Microstructure evolution of Mg–6Gd–2Y alloy during solid solution and aging process

The microstructure evolution of Mg–6 wt% Gd–2 wt% Y alloy (denoted as GW62) during solid solution and aging process were investigated by optical microscope, scanning electron microscope, energy dispersive spectroscopy, X-ray diffraction and high resolution transmission electron microscopy. The microstructure of as-cast GW62 alloy is comprised of isometric α(Mg) crystals, equilibrium phase Mg5(Gd,Y), and non-equilibrium phase Mg2(Gd,Y). With the increase of solution treatment time, the sizes of the semicontinuous Mg5(Gd,Y) phases gradually decrease until dissolved. Rare-earth-rich phases (Mg(Gd,Y)2) with fcc structures a=0.56 nm were newly generated in the alloy at grain boundaries and inside grains after solution treatment, which could hinder the growth of isometric α(Mg) crystals in the solution process.
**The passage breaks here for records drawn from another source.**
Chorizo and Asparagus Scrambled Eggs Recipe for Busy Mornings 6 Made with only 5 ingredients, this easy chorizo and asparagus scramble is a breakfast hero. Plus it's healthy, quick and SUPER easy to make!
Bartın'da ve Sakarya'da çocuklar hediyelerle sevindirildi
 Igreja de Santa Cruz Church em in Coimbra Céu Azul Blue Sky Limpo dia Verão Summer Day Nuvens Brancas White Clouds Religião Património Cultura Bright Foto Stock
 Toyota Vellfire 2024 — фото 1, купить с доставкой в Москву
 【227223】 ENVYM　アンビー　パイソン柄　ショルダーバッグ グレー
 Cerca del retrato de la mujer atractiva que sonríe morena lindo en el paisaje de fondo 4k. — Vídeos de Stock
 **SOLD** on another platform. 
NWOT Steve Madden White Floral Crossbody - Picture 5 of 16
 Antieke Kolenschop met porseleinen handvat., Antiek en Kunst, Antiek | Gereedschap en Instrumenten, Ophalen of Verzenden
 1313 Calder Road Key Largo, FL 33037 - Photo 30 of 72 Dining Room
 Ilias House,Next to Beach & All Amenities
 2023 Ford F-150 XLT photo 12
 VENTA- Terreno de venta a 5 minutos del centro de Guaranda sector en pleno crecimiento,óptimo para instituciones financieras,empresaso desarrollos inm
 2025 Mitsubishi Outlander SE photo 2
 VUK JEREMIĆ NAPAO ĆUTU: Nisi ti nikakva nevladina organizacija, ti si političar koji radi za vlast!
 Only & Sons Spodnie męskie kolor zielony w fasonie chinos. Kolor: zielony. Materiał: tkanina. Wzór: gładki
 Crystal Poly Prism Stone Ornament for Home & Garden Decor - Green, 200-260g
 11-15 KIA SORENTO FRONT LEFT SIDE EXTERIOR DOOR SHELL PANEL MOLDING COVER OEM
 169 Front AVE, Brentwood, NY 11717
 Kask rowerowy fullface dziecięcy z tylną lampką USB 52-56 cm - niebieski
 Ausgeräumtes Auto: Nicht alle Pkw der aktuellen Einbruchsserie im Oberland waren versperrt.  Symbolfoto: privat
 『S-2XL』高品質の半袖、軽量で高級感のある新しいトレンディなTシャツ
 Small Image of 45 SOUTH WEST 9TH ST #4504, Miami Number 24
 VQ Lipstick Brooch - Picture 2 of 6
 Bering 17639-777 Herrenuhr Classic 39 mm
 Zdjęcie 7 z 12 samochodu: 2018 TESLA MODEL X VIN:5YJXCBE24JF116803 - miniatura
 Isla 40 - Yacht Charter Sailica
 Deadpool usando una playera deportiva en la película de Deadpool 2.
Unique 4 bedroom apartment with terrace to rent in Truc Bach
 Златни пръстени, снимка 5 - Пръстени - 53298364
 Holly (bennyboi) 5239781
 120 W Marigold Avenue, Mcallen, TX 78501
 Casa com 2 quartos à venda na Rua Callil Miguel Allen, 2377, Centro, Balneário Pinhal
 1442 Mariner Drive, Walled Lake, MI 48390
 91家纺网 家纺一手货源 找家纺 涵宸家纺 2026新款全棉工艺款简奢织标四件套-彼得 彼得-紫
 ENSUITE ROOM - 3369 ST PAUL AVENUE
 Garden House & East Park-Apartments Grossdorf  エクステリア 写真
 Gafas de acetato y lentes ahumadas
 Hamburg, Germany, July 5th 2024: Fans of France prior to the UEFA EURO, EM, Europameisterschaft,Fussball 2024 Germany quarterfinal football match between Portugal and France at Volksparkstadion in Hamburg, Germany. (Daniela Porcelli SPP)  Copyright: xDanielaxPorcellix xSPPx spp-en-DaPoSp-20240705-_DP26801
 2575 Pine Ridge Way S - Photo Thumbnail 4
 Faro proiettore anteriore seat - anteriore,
The maximum hardness of the GW62 alloy is significantly different for different aging temperatures. The age-hardening effect is most apparent at 175 °C. The microstructural evolution of the alloy after aging at 175 °C was as follows: the β″ phase precipitated from α(Mg) during the under-aging stage (4–32 h); next, the β′ phase precipitated from α(Mg) up until peak aging was reached (32–100 h); as aging time progressed, the hardening reached its maximum at 100 h. At this stage, the precipitated phases were the β′ and β″ phases; finally, during over-aging (>100 h), the size of β′ phase continually increased while transforming into the β1 and β phases.